_Exercise details_.
Give back the line that contains "La alfombra roja" and every following line, exactly as they appear, through the end of the data.

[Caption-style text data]
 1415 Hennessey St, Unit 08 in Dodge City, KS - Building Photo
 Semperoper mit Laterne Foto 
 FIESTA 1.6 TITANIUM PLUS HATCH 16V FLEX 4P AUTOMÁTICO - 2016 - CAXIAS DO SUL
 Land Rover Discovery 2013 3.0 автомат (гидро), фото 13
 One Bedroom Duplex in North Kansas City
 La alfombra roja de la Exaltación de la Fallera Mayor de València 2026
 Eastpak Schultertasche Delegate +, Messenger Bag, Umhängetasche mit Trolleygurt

_Written answer_.
 La alfombra roja de la Exaltación de la Fallera Mayor de València 2026
 Eastpak Schultertasche Delegate +, Messenger Bag, Umhängetasche mit Trolleygurt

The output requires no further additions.